But one of the most striking elements of this story is who turned in the alarm. Why was it a patron who had to call the police? Why was there no leadership among staff?

For the answer to that, let’s take a look at how the management at that branch has been handled since long-time manager Gladys Dennard was shot to death in her office one July morning in 2002.

In the aftermath of the tragedy, staff members were given the opportunity to transfer to other branches. Some employees did just that. The assistant manager stepped up to put the branch back together, and managed the branch in an acting capacity for approximately a year. When a new manager was finally hired, the infinite wisdom of the Hooker/Garnes administration dictated that the choice fall on someone from outside the system. Their choice, spectacularly, didn’t work out, so Hooker (by this point sans Garnes)--now finding herself caught with another vacant manager position in the midst of the county's interminable hiring freeze--dreamed up to manage South Fulton a system we called "Manager Dominoes."

As bizarre as that management approach was, it paled in comparison to what came next. A series of C52 managers at other branch libraries were ordered to begin rotating into South Fulton, one week at a time, to provide “management” to South Fulton. The absurdity of Act II of "Manager Dominoes" got even curiouser when a few C51s from other branches were pulled into the act.

Like a scene from a surreal war movie, managers parachuted in to assist the locals, only to boomerang back onto the plane before their boots had hardly hit the ground. Some temporary managers touched base in the branch long enough to introduce themselves and then never reappeared. None of them could provide effective leadership, given their brevity of their stints there. Is it any wonder South Fulton became so chronically leaderless that it was a patron rather than a staff member who took the initiative to call police in the recent crisis?

South Fulton is a branch that had already endured the unthinkable. How can anyone in the library system's administration not feel guilty about what they've put the South Fulton staff through over the past two years?

What happened a couple of weeks ago could have been another tragedy. God knows that public libraries attract the disturbed, the enraged, the perverted, and the bizarre. Each branch needs strong leadership to give the staff and the patrons a bulwark against disaster. But the South Fulton branch deserves it the most, along with a permanent reprieve from the uncertainty, the drifting, and the fear.



Memo to County Manager Tom Andrews:

Minimum Requirements for a Functional Library
Posted January 25, 2005

Revitalizing the county's dilapidated library system is going to require many years of careful attention, but there are two pre-conditions that must be achieved before substantial progress can be made:
  1. You need to go ahead and appoint the next library director.

    Last May, you did the library's customers and staff the huge service of firing Library Destroyer Extraordinaire Mary Kaye Hooker. Everyone expected an obligatory interregnum of several months while you and your minions scoured the land for another director. At first you told us you hoped to have a new director on board "by Labor Day." That day came and went. Later we heard that interviews had finally been conducted, the candidates narrowed (eventually) to two, and that you'd probably appoint someone by the end of the year. That didn't happen. Then you got understandably preoccupied with negotiating the 2005 budget (including, we couldn't help but notice, a long-overdue though somewhat astonishingly large pay raise for yourself). Well, now that's finally done. Can we have our new library director now?
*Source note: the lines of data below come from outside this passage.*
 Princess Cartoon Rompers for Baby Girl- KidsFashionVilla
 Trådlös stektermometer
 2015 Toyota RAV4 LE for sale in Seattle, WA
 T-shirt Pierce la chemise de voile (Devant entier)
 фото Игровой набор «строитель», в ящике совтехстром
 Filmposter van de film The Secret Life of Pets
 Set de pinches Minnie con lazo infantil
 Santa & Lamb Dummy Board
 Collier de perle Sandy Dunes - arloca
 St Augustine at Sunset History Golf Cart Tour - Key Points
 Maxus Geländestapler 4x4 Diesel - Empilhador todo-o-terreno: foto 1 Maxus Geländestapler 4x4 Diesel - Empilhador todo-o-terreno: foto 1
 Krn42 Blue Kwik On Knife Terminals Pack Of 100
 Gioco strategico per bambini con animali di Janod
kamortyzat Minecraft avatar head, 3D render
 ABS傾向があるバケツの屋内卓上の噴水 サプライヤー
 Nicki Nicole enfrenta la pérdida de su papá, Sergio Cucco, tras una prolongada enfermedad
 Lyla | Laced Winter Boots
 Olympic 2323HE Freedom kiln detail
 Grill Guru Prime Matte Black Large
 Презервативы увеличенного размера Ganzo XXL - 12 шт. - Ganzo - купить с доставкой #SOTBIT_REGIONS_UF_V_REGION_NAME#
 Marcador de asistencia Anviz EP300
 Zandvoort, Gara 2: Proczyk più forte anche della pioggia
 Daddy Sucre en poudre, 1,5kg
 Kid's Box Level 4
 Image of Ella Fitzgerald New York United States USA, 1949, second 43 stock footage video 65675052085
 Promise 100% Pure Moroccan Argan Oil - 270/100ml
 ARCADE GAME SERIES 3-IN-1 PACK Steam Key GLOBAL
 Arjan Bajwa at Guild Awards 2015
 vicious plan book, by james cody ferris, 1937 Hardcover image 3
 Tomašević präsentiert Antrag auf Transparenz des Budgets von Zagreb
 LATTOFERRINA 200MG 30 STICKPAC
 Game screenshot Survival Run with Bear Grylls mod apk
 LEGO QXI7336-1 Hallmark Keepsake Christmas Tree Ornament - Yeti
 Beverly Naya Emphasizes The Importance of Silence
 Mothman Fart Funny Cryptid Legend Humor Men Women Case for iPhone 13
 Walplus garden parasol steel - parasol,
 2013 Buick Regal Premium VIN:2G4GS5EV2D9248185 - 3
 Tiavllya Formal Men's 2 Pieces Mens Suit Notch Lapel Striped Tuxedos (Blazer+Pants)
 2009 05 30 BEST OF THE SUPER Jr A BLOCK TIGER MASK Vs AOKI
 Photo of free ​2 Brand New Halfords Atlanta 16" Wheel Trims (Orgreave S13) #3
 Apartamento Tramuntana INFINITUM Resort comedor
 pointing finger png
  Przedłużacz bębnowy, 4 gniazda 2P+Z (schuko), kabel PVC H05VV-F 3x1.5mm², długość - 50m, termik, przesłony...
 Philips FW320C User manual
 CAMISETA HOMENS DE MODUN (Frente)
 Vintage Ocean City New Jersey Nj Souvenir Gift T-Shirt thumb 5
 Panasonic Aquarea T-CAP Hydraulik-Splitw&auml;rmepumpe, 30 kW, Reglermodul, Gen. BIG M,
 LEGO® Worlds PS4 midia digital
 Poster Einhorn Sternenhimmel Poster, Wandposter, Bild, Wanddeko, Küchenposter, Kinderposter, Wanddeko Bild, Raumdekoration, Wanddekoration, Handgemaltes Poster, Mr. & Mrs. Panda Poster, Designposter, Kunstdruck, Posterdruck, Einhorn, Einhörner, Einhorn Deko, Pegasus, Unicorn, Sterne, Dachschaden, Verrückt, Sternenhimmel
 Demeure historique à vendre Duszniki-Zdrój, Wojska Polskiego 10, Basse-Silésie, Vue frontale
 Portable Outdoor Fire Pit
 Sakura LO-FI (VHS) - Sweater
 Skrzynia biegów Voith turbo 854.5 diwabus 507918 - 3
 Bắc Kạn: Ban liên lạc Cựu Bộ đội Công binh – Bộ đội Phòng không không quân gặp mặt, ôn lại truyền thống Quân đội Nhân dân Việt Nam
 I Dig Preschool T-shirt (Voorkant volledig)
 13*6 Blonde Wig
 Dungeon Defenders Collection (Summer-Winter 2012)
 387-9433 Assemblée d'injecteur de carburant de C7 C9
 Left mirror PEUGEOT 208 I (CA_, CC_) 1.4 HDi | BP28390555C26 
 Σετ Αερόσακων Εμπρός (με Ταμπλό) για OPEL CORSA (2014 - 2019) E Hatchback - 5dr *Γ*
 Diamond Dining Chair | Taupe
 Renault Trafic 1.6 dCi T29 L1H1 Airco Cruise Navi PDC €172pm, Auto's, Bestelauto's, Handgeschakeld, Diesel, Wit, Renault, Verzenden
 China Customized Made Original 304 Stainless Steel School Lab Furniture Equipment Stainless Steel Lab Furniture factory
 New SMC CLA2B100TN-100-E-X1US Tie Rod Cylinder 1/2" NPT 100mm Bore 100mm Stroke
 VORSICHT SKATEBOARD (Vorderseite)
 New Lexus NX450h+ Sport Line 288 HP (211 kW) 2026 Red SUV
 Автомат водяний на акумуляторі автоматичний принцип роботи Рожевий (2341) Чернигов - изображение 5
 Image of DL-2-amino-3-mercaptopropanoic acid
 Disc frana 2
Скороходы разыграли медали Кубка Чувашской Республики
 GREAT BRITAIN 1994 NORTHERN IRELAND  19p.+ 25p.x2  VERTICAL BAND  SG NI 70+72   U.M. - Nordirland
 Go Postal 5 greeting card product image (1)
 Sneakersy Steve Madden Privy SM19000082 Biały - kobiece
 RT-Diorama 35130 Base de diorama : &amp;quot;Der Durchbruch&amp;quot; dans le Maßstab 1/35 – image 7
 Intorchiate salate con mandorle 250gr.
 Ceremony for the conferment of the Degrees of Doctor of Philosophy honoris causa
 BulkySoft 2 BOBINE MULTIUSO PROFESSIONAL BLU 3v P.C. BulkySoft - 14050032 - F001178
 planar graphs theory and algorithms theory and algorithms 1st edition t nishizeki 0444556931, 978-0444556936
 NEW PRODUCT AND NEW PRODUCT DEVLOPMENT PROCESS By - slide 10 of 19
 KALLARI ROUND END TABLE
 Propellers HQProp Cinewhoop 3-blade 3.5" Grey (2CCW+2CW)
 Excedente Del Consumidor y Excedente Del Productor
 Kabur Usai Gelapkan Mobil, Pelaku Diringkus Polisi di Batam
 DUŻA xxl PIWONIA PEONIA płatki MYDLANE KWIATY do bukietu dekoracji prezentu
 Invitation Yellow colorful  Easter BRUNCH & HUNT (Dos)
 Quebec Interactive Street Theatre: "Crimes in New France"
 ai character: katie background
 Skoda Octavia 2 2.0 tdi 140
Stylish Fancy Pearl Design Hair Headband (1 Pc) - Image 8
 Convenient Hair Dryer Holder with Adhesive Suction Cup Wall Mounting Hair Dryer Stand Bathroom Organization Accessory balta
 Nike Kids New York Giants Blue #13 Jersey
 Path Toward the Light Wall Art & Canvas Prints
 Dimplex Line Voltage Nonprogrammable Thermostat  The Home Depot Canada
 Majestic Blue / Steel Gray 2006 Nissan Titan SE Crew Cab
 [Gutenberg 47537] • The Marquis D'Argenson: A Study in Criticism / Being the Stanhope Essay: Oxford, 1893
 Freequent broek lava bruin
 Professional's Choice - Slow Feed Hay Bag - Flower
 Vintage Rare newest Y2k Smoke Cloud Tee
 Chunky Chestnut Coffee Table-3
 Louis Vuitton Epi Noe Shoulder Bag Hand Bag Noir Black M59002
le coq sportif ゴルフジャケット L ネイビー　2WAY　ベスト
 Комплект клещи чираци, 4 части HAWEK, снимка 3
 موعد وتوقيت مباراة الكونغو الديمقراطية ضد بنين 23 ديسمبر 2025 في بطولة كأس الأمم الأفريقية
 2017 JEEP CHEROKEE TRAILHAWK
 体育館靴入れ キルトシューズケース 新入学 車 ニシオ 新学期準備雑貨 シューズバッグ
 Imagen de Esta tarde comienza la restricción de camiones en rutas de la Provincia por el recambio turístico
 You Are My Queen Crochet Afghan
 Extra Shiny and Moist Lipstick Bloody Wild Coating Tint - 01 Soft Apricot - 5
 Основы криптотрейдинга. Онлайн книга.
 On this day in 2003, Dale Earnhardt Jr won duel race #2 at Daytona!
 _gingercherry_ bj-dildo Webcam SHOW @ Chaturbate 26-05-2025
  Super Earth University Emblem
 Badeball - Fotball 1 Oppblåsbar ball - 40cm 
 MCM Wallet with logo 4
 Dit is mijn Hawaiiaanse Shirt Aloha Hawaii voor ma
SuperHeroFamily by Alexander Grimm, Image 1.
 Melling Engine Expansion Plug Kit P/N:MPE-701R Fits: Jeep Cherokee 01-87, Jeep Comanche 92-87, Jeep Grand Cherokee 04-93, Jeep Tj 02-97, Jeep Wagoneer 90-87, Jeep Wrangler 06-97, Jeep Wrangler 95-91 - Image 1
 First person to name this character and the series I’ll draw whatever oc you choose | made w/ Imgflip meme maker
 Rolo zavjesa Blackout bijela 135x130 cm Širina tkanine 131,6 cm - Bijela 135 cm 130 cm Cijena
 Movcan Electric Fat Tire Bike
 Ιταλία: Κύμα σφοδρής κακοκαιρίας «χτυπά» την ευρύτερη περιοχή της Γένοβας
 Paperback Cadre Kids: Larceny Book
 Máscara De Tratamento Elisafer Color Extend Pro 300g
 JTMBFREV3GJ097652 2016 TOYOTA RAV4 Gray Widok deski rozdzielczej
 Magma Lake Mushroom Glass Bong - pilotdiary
    Think of it this way (we do): It's not been a mere seven months since we had a director. It's been over seven years since the library system was blessed with a competent, inspiring, courageous, humane full-time director. That's a long, long time for things to devolve, as things certainly did the moment former director Julie Hunter tendered her resignation to the former micro-managing library board.

    Come on, Tom, give the county's beleagured library users a break!

  2. You need to immediately authorize hiring for all vacant management positions in the library.

    Library staff have not been told whether or not the commissioners' approval last week of the 2005 budget included an end to the county's hiring freeze.

    • If the county's hiring freeze is over, we'd like to hear you spell out the good news loudly and clearly, so the cumbersome gears of the library's hiring machinery can be set in motion and people can be hired to run the parts of the library that have been drifting along for months now without the direction and support of managers.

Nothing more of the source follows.